Ontem tinha um crente no rádio pedindo ao Senhor que “tirasse toda a angústia”. Mas é na angústia que se reza melhor. “Jesus come back to Earth” é uma oração agônica. Ainda não se tinha escrito uma canção pop assim no Brasil. “Loki?” e “Singin’Alone” têm uma densidade humana, como indicou o Rafael, que remete a Lou Reed ou a Leonard Cohen. São duas obras-primas viscerais que fotografam um gênio no fundo do poço emocional”, explicou-me meu amigo. John Lennon (“Plastic Ono Band” talvez seja o disco mais triste de todos os tempos), Kevin Ayers, Daniel Johnston, Elliott Smith, o Renato Russo de “A Tempestade ou O Livro dos Dias”, Vic Chesnutt e Nick Drake são nomes que vêm à baila, pelos mais diversos motivos, enquanto escuto “Singin’ Alone”. Arnaldo é dessa(s) escolas(s). Tenho meus motivos para lembrá-los: conheceram o wild side e voltaram para contar. Alguns contaram e se foram para sempre. Dizem que não se pode rezar por suas almas. Mas eu insisto: rezo. Por Kurt Cobain rezo, mas quase não me lembro mais dele. Porque nunca mais consegui escutar Nirvana.
A relação de Arnaldo com o transcendente é singular. Sua espiritualidade parece não conduzi-lo para um além, mas o mergulha num estado onde convivem a cosmovisão “alternativa” (naturebismo, on the road lifestyle) e certa obsessão com a tecnologia (amplificadores valvulados, guitarras Gibson, waves of science). Suas paixões, — a maior, naquele tempo: Rita Lee — e seu mergulho nos paraísos artificiais, parecem tê-lo feito prisioneiro de si mesmo (em “Desculpe”, de “Loki?” prenunciava: “Desculpe, mas vou me fechar…”). Mistura Deus consigo mesmo, Deus com baby, baby com dinheiro, baby com arco-íris, baby consigo mesmo. Quer um trem (“Train”) que o leve de volta, mas não tem para onde ir. É um andarilho, um caroneiro, um mochileiro das galáxias. Um cowboy intergaláctico. Mas seu universo é seu próprio sistema. Combateu na imanência e buscou em si mesmo a saída que lhe desse algum alívio… Conseguiu?
Arnaldo apresenta a perplexidade de quem caiu, levantou, mas não conseguiu mais sair de si.
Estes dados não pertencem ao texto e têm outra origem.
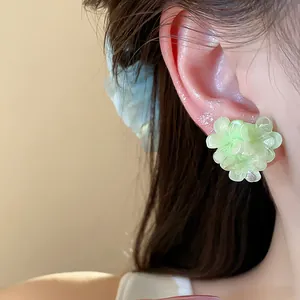 Close-up detail of the light green resin flower stud earring with layered petals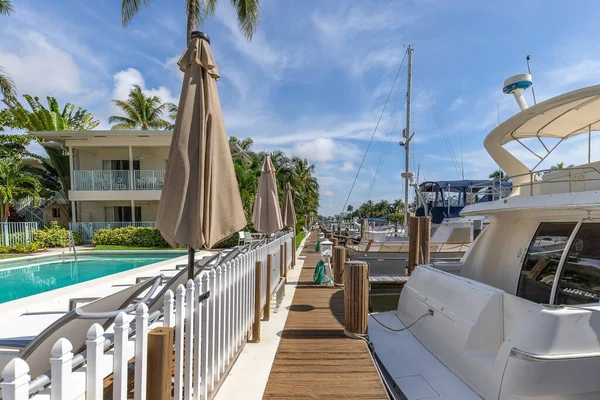 Viewpoint of wooden decked dock, with lots of parked boats, short grass, lush tropical vegetation, palms, bushes, blue sky, in the Nurmi Isles neighborhood, Fort Lauderdale, Florida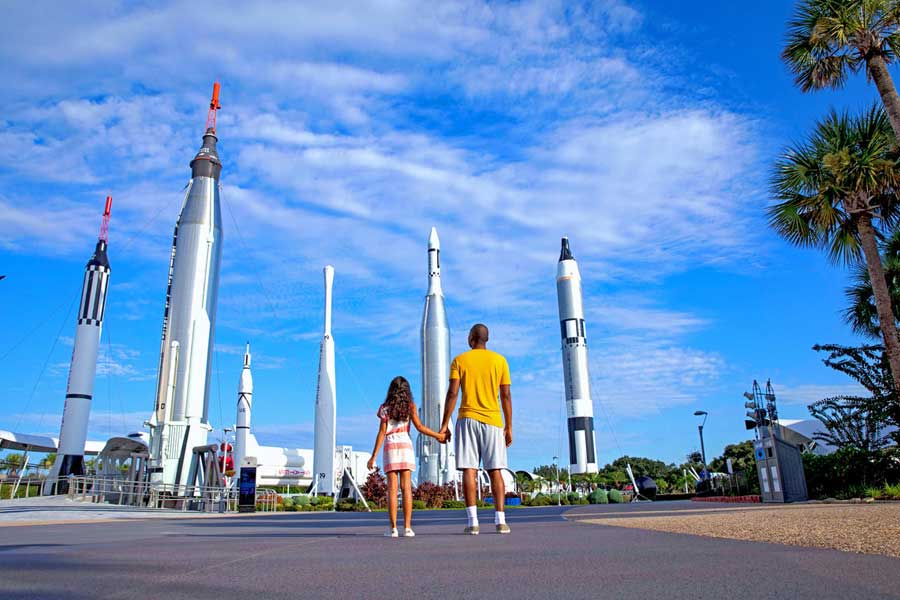 Father and daughter look in awe at the rocket garden at Kennedy Space Center VIsitor Complex.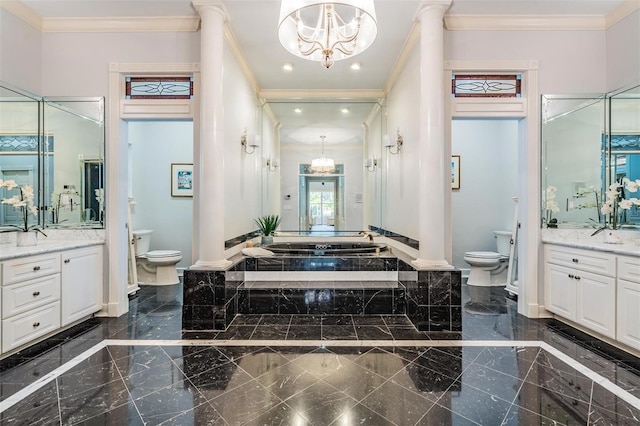 bathroom with a tub, vanity, and toilet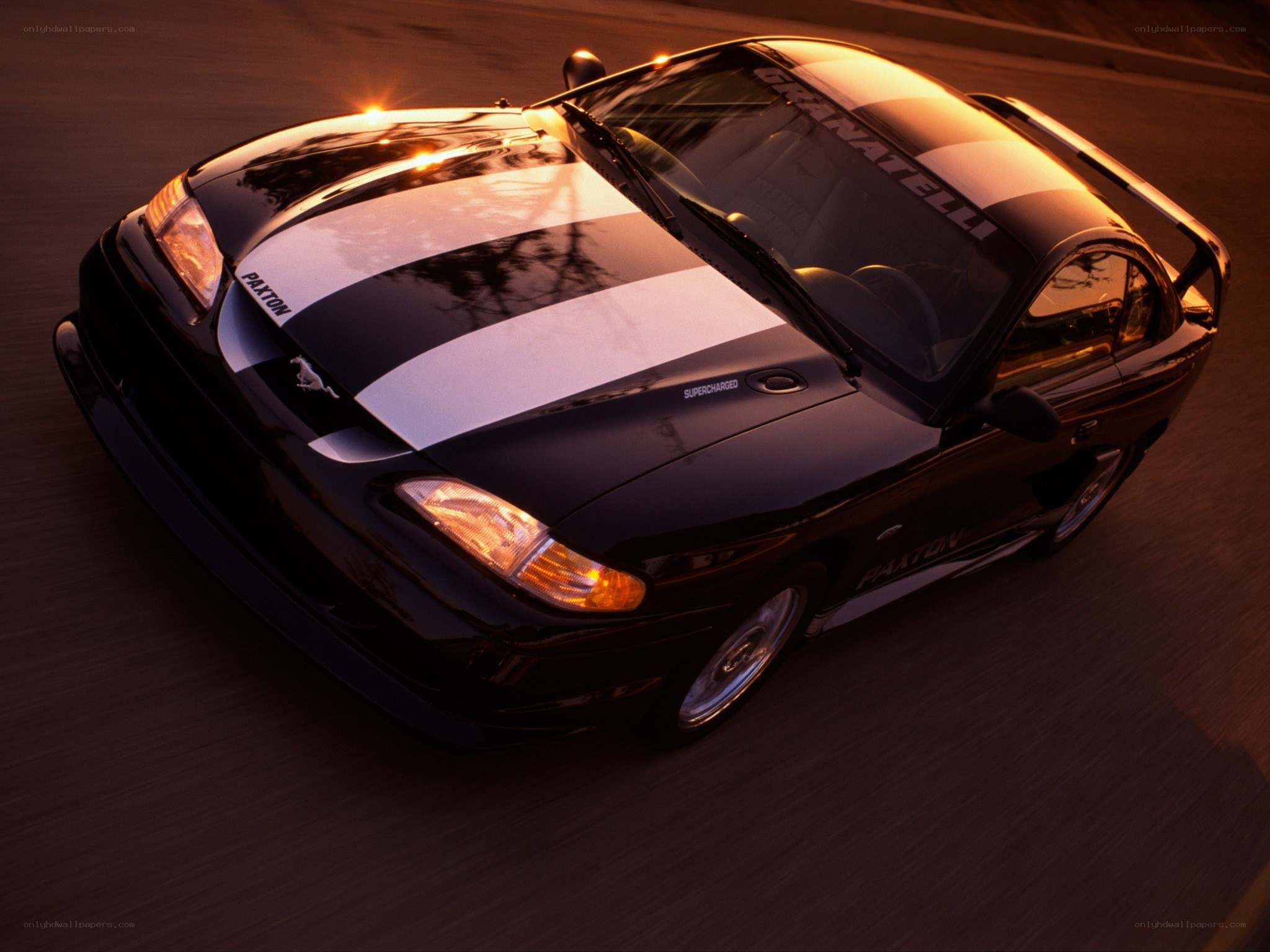 Black Ford Mustang in motion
O cara que vive esperando um disco voador (outra de suas obsessões: ovnis), na esperança de que ele o faça viajar para o além, para sair de seu sufocante inner self.
“Singin’ Alone” é um marco na música brasileira. Primeiro disco da mítica gravadora indie Baratos Afins, de Luiz Calanca, que foi resgatar Arnaldo do fundo do poço. Disco de um gênio, que fez tudo sozinho. Tocou todos os instrumentos, compôs e cantou. Não é tarefa para qualquer um. Arnaldo foi buscar inspiração em outro gênio: Paul McCartney, que assim fez em seus primeiros álbuns solo. No Brasil quase ninguém havia feito isso. “Singin’ Alone” é o disco de um homem ressuscitado, carregando a morte nas costas. São as semanas astrais de um mutante que passou por um inferno astral. E voltou. E continua entre nós.